After dinner I wandered through Maruyama park taking in the changing scenery with the setting sun. The passage of each minute as the sun slipped below the horizon brought new colors and sights to the already beautiful scene. As dusk gave way to night, I headed back to the ryokan. Returning to its serenity, I changed into the kimono and went to bathe. Now bathing in Japan is not about cleaning oneself, that is done before you enter the tub. The reason it is important to clean yourself before getting in the bath is that it is a communal tub, used by many people in turn. Sitting on a low wooden stool next to the soaking tub you thoroughly scrub yourself from head to toe and rise off with a hand-held shower faucet. Because I had walked so much during the day, I actually repeated this step to be sure I was completely cleaned. Once that is done it is time to get in the tub and let the warm water soak away the tensions and pressures of the day. I remained in it for nearly half an hour and reemerged rested, relaxed, and ready for a well deserved long night's sleep.

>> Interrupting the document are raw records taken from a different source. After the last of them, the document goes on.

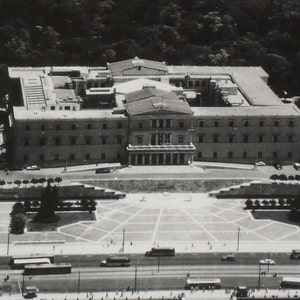 May include: A monochrome aerial view of a large building with a symmetrical design, likely a government building. The building is surrounded by a plaza and a road with vehicles, captured from above.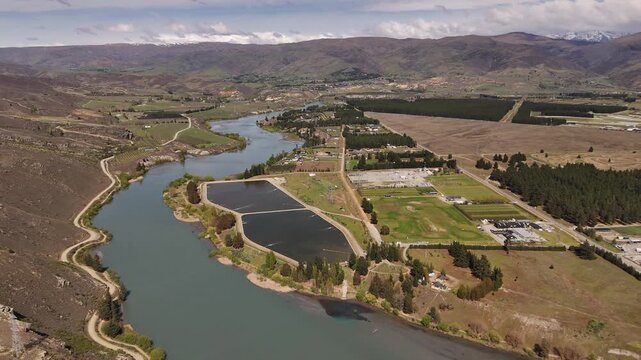 Cinematic 4K 60fps drone flyover showcasing the residential suburbs of Cromwell town situated along the banks of the blue Clutha River in the Central Otago region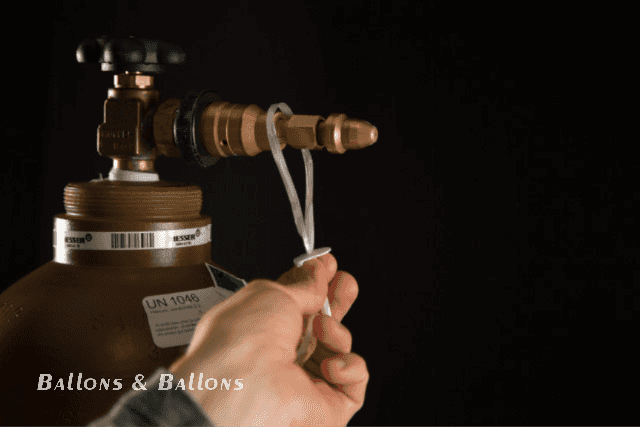 Eine Hand hält einen Ballon fest, während ein Ventil geschlossen wird in Wien.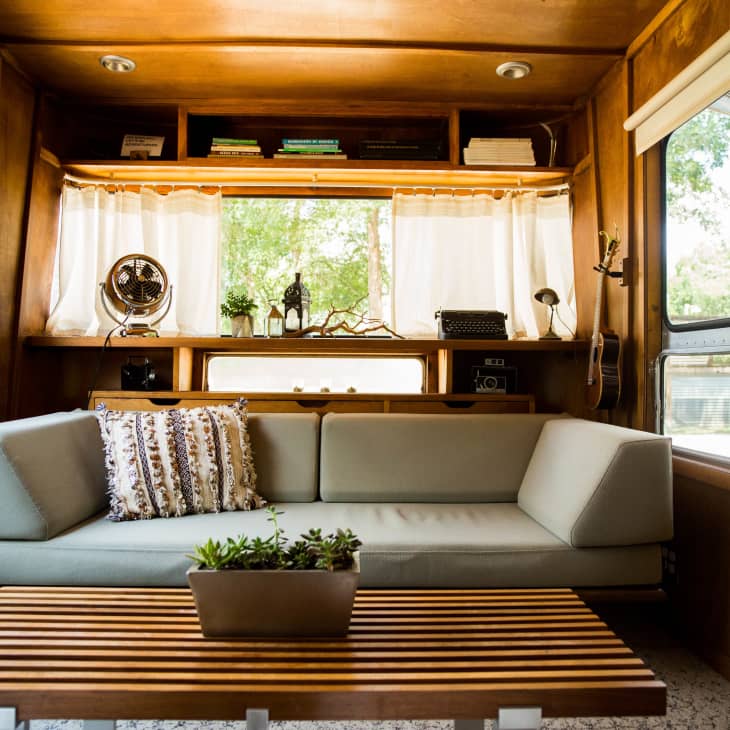 Mid-century modern trailer interior with a gray sofa, wooden coffee table, vintage fan, typewriter, and books on shelves.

My remaining time in Kyoto was equally as interesting and memorable. I toured the city more, seeing the Imperial Palace - where I discovered they do have an alarm system to prevent people from jumping across the small moat onto the ledge beside the wall. But the real highlight of my final day/night was dinner with new friends at a neighborhood restaurant owned and exceptionally run by Manzo-san and his son.

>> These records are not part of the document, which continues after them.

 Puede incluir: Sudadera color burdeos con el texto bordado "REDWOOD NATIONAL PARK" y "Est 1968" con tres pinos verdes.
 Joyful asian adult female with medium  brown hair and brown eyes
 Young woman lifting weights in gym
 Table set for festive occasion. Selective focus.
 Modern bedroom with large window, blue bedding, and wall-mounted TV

This was a multi-course meal but without the formality of the kaiseki meal. Instead, the meal was served and enjoyed with the semi-casual feel of a favored neighborhood restaurant. The dishes included braised short ribs, a sashimi platter, cold soba noodles, a fried custard, and more. Despite seemingly never leaving his position behind the counter, it was clear that each dish served was lovingly overseen by Manzo-san himself. He stood proudly monitoring every movement taking place in his small dinning room insuring every guest was absolutely satisfied with their experience. Even today, some two months since the meal, I am smiling and salivating at the memory of it.

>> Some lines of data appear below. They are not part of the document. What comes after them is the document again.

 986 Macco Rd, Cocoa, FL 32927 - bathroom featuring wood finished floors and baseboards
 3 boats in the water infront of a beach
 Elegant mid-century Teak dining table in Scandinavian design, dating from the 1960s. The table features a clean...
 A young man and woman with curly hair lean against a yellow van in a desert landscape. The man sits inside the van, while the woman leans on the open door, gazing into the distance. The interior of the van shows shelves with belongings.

We lingered over our meal and libations so long that when we were done there were no other customers left. Since they were closing up anyway, we convinced Manzo and his staff (which wasn't very difficult) to join us as we partook in that classic Japanese tradition: karaoke. Normally I am loathe to do karaoke since ever place I'd ever seen before was at bars where you basically embarrass yourself before a large crowd of strangers. In Japan - and all the other countries I traveled in - however, karaoke is done in private rooms where you're only embarrassing yourself in front of your friends...a much more appealing activity. Drinks were ordered, songs requested, and we all took turns with the microphone. I crooned to Billy Joel's New York State of Mind and a few other classic rock hits I thought I could muscle through. What I'd originally been reluctant to do, I enjoyed immensely. The night continued for some time with more drinks, songs, and friendly laughter. Considering the final karaoke encore of the night was well past 2 a.m., it was a remarkable feat of willpower to wake up at 8:30 a.m. for my train to Osaka International Airport and my flight, with a connection in Incheon, to Hanoi.

Its been about a month and a half since I left Kyoto but Kyoto hasn't, nor do think it will any time soon, left me. Why I chose only to visit Kyoto when I was making these plans I cannot say. There was something that drew me to the city, an intangible feeling of needing to visit even though I knew very little of it. After being there and speaking with others, I discovered that I am not alone in having this feeling. There truly is something special about Kyoto. Had I returned to American after my time there I think I would have been content, but it was just the beginning of a longer, deeper journey.

Tuesday, June 29, 2010

Update and new posts

My Asia trip came to an end about a month ago but I am still very much thinking about it and everything I experienced. I have a couple unfinished posts I am working on completing - as well as several un-started that I've been crafting in my mind - and will post them as soon as I'm happy with them. For now, however, I wanted to let you all know that the remainder of my journey was fantastic and I hope I'm able to convey some of the experiences through my words.